|The School of Athens by Raphael|
Thursday, June 25, 2015
A Few Thoughts on Making Alignments a Meaningful Part of the Game
In order to make alignments a meaningful part of any role-playing game there has to be a real consequence to the actions that the players choose during the course of play that goes beyond the immediate reaction of the non-player characters close at hand. If a player decides to have the character be an awful mess of murder and predation on weak non-player characters then the world should react to her as such. But how do we avoid blanket responses that end up feeling like all evil characters are treated this way, while neutral characters are treated this way, and good characters treated yet another?
Nuanced reactions within the game world are generally not hard to accomplish over the short term as both the player and Game Master can easily keep in mind what has recently been done in the free city of Kimber but there is a mythologizing that occurs as time goes on around the characters previous actions. They become larger than life, so to speak, with the character's acts taking on a life of their own that often becomes far worse or better than what actually happened. For example, over time the story about killing of a town's sheriff expands to include his deputies and perhaps a few innocent bystanders.

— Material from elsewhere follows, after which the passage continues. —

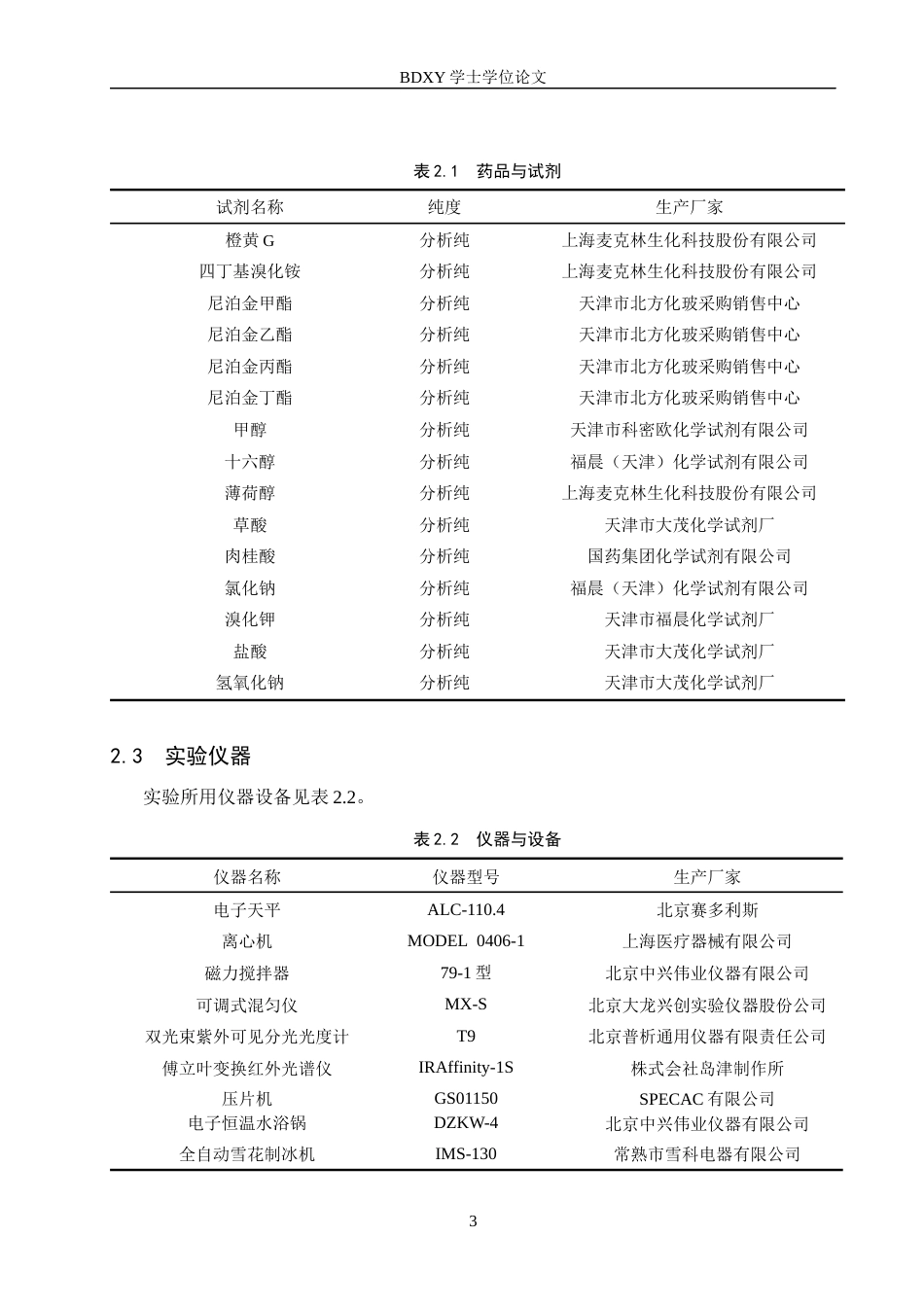 26年WP化学(师范)基于低共熔溶剂的沉积固化法快速测定水中橙黄G15.77-AI18.41全日制(8276字).docx_第6页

Stopping the process of exaggeration within the average game (i.e. one not filmed or recorded) appears to be impossible. In truth it probably shouldn't be attempted as there is a natural enlargement of individual deeds through rumor and the retelling. Still, your non-player characters shouldn't know every misdemeanor and off-color joke the player's character has told in their lifetime; nor should they know every cleverly hidden away theft and undiscovered murder. How then do we keep the players' characters accurately assessed while still providing the room for rumor and exaggeration to take effect?
There is an additional problem that occurs to me at this point: how do we account for the differences between individual characters of the same alignment but who act in vastly different manners? For example, two characters of the chaotic evil alignment are being played. The first is a psychopathic killer who delights in acting out the worst aspects of human nature. By contrast the second player selfishly acts out her whims, often at the expense of everyone else at the table, but in general acts in a reasonable manner. Both characters are clearly chaotic in their actions and evil in their intent but there is a marked difference between them. How do we account for this difference in play?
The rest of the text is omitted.